The term “contaminant of emerging concern,” or CEC, has been used by the US Environmental Protection Agency (EPA) to describe a variety of chemical compounds that have been found in surface water and drinking water sources in recent years, and which have the potential to cause adverse effects to human health and aquatic life. “Emerging” can mean both new chemicals and existing chemicals that are only now being detected in the environment as analytical chemistry precision has improved. Compounds can now be detected at levels down to parts per quadrillion, the equivalent of a postage stamp on a letter the size of California and Oregon combined. Even a small amount of some of these chemicals can have the potential to be present in the environment on a global scale and can persist for decades.
There are different types of CECs. Some are released into the environment directly, and some are formed as a by-product of the interaction of chemicals such as chlorine with the environment. Some CECs are pharmaceuticals or personal care products that enter the environment through improper disposal of unused prescription drugs, or as residuals in human and animal waste. Others are industrial by-products: 2 examples are 1,4-Dioxane, used in commercial solvents and the manufacture of plastics and polyester, and polyflouroalkyl substances (PFASs), used in the manufacture of non-stick coatings such as Teflon© and in products as diverse as food packaging, clothing, and airport fire-fighting foam [1].
The compound known as GenX is one of these PFASs. It was developed as one of many substitutes for perflourooctanoic acid (PFOA). PFOA was voluntarily phased out of production between 2000 and 2015 due to concerns about potential developmental effects in infants and young children, cancer, thyroid disease, and other health effects (unpublished data). GenX is a shorter chain molecule believed to be less likely to bioaccumulate in the body, but there is also concern that it may cause health effects similar to those associated with other PFASs [1].
When a manufacturer wants to introduce a new chemical into commerce, or use an existing chemical in a new way, the Toxic Substances Control Act (TSCA) requires that they notify EPA. EPA can choose to approve the new chemical or use, request additional information, or deny permission to the manufacturer. These choices are complex: toxicology at low doses can be inconclusive, and rarely is reliable long-term low dose data available from human studies. Historically, data comes from animal or in vitro studies or comparison to previously studied similar chemicals, but computational toxicology is changing this field rapidly.
Most information comes from prospective manufacturers, and they can claim portions of it as confidential business information (CBI). EPA can use Section 5(e) of TSCA to impose additional requirements on the manufacturer, and under Section 8(e) manufacturers must report to EPA any studies that show evidence of threat to health or the environment. There is tension among the desire of manufacturers to bring new products to market quickly, the time frames the law gives EPA to make decisions, and the inevitable judgments required in the face of incomplete scientific information.
In the case of GenX, The Chemours Company (formerly a part of DuPont) received approval from EPA to begin producing the chemical in 2009 at its facility in Fayetteville. Sampling beginning in 2012 detected GenX in surface water in the Cape Fear River (unpublished data). More extensive sampling by the North Carolina Department of Environmental Quality (NCDEQ) has now detected GenX in groundwater and well water in the area surrounding the Fayetteville facility; the degree and extent of its presence, and how it moves in the environment, is still being determined [2].
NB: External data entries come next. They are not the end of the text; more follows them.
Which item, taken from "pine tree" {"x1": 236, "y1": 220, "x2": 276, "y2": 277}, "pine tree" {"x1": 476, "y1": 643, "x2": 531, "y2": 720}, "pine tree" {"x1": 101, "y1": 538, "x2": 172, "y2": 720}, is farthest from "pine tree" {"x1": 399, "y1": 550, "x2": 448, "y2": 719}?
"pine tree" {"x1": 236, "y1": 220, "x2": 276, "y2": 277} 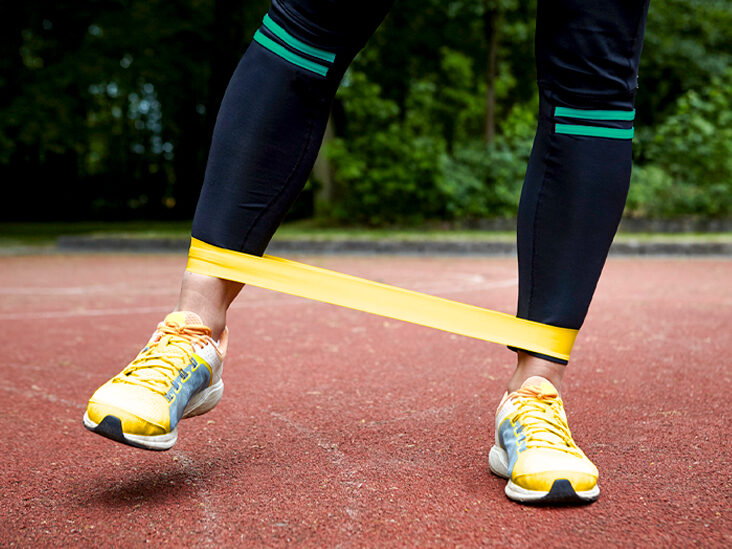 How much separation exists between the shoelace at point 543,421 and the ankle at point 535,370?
3 centimetres

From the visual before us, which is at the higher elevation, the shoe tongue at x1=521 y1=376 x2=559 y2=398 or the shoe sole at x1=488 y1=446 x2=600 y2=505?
the shoe tongue at x1=521 y1=376 x2=559 y2=398

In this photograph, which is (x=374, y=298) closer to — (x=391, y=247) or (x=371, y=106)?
(x=391, y=247)

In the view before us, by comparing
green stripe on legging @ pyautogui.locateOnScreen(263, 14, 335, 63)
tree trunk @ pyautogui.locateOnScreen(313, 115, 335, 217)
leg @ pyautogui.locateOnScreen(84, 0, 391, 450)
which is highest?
green stripe on legging @ pyautogui.locateOnScreen(263, 14, 335, 63)

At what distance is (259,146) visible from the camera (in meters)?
1.42

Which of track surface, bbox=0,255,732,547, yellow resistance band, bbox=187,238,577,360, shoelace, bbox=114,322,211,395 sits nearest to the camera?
track surface, bbox=0,255,732,547

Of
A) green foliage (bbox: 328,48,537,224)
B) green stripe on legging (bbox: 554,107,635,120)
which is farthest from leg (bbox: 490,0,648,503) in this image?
green foliage (bbox: 328,48,537,224)

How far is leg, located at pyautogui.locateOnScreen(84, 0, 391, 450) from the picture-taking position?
1.40 meters

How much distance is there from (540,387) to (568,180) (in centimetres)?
40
EPA has not established national primary drinking water regulations for PFASs, though in 2016 EPA did issue health advisories for PFOA and a related compound, perflouroctanesulfonic acid (PFOS). To regulate a contaminant under the Safe Drinking Water Act, EPA must find that it: (1) may have adverse health effects; (2) occurs frequently (or there is a substantial likelihood that it occurs frequently) at levels of public health concern; and (3) there is a meaningful opportunity for health risk reduction for people served by public water systems. Since EPA required water systems to monitor for PFOA and PFOS in 2012, there is now a more robust data set to make these judgments [3]. In the meantime, EPA works with state and local agencies, such as NCDEQ, to assist in responding, for example, when there is evidence that PFASs may be present in public or private drinking water supplies.
Emerging contaminants promise to be a focus of attention for years to come. They result from products that we depend on, yet there is much we do not know about their effects or their ultimate persistence and fate. They require us to answer an extraordinarily difficult question about our health and environment: how much risk, in exchange for what benefits and under conditions of uncertainty, are we willing to tolerate?
Acknowledgments
Potential conflicts of interest. The author is a member of the North Carolina Environmental Management Commission, which is responsible for adopting rules for the protection, preservation, and enhancement of the state's air and water resources.